XIV.

THE ARTS.

The most important artistic event of the year was the exhibition of the surviving pictures of the Chater Collection, held in October under the joint auspices of the Government and the British Council at the Council's Centre in Gloucester Building. The Chater Collection is the bequest of the late Sir Catchick Paul Chater, C.M.G., to the Government of Hong Kong. Chater, an Armenian born in Calcutta in 1846, first came to Hong Kong in 1864 as a bank assistant, but later resigned and started business on his own as an exchange and bill broker, in which occupation he amassed a considerable fortune. In 1886 he was appointed an unofficial member of the Legislative Council and subsequently served on the Executive Council.

He was knighted in 1902, and after a life of constant activity aimed at the improvement of Hong Kong and the welfare of its population, died in 1926. Soon after his first arrival he developed an interest in the historical aspect of Chinese relations with the Western nations, particularly the British, and from this interest grew the extensive collection of porcelain, paintings, lithographs and prints which formerly adorned his house and which at his death was presented to the Government.
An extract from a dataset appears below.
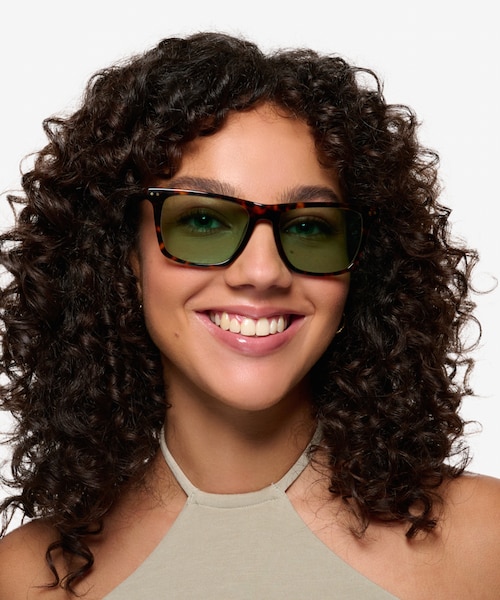 Dance Tortoise AcetateSunglass Frames for Women from EyeBuyDirect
Before the war the pictures were housed in Government House, the Secretariat, the University and other Gov- ernment buildings, but in 1941 the greater part of the pictures and all the porcelain were lost partly by looting and partly by seizure by the Japanese. A few pictures were salvaged from Government House by one of the Chinese contractors engaged by the Japanese to carry out renovations there in 1942, and others were bought from various small antique shops in the Central district of Victoria by a Portuguese resident who had a good knowledge of the Collection and was able to recognize pictures from it. These, together with a few more recovered from the University and the Hong Kong and Shanghai Bank, as well as from private individuals, formed the 1950 Exhibition-a total of seventy pictures in all. Careful cleaning, restoration and reframing had been carried out, and the Collection was attractively presented. Although many of the most valuable pictures have been lost what remains is sufficient to give an authentic pictorial impression of Canton, Macao and Hong Kong in the first half of the XIX century. The exhibition attracted considerable publicity, and was attended by over 2,000 people in four days.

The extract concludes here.